# Hello, and what do you do?



## Gordon (Jan 24, 2012)

I haven't visited RO much the last couple of years, but I would like to get back in touch, and ask a question...

What sort of job do you have? 

I've created a poll for the general stuff, but if you want to elaborate in post form here, that would be even better.


----------



## MiniLopHop (Jan 24, 2012)

I prepare electronic applications for new pharmaceuticals to world wide health authorities (FDA, EMEA etc).


----------



## woahlookitsme (Jan 24, 2012)

I am a veterinary technician/assistant during the summer and holidays.

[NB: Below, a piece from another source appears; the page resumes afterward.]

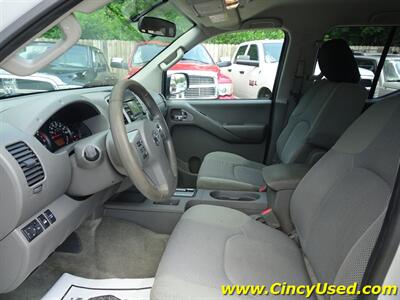 2013 Nissan Frontier SV  4.0L V6 4X4 - Photo 8 - Cincinnati, OH 45255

I am also a student in the fall and spring planning on going to Vet School in the next year or so


----------



## luvthempigs (Jan 24, 2012)

Medical secretary for the last twelve years. Inspection work in an electronics company for fifteen years prior to that  And if part time jobs that help pay for your hobby count then I also worked at horse farms cleaning stalls, feeding horses, and teaching riding lessons for many years


----------



## luvthempigs (Jan 24, 2012)

oooopps! double post....


----------



## slavetoabunny (Jan 24, 2012)

I am an internal audit manager for a very large bank.


----------



## ZRabbits (Jan 24, 2012)

I work in an office for a Heating Oil Company. 

K


----------



## LaylaLop (Jan 24, 2012)

Just got hired at a doggie daycare/dog grooming salon. I also help a local family take care of their pets and clean house! You didn't include animal related jobs in your poll!


----------



## jcottonl02 (Jan 25, 2012)

I'm a 3rd year Zoology student, and I am now also a Trainee Dog Groomer 

Jen


----------



## audrinasmommy88 (Jan 26, 2012)

Im a stay at home mom


----------



## Gordon (Jan 26, 2012)

LaylaLop wrote:


> You didn't include animal related jobs in your poll!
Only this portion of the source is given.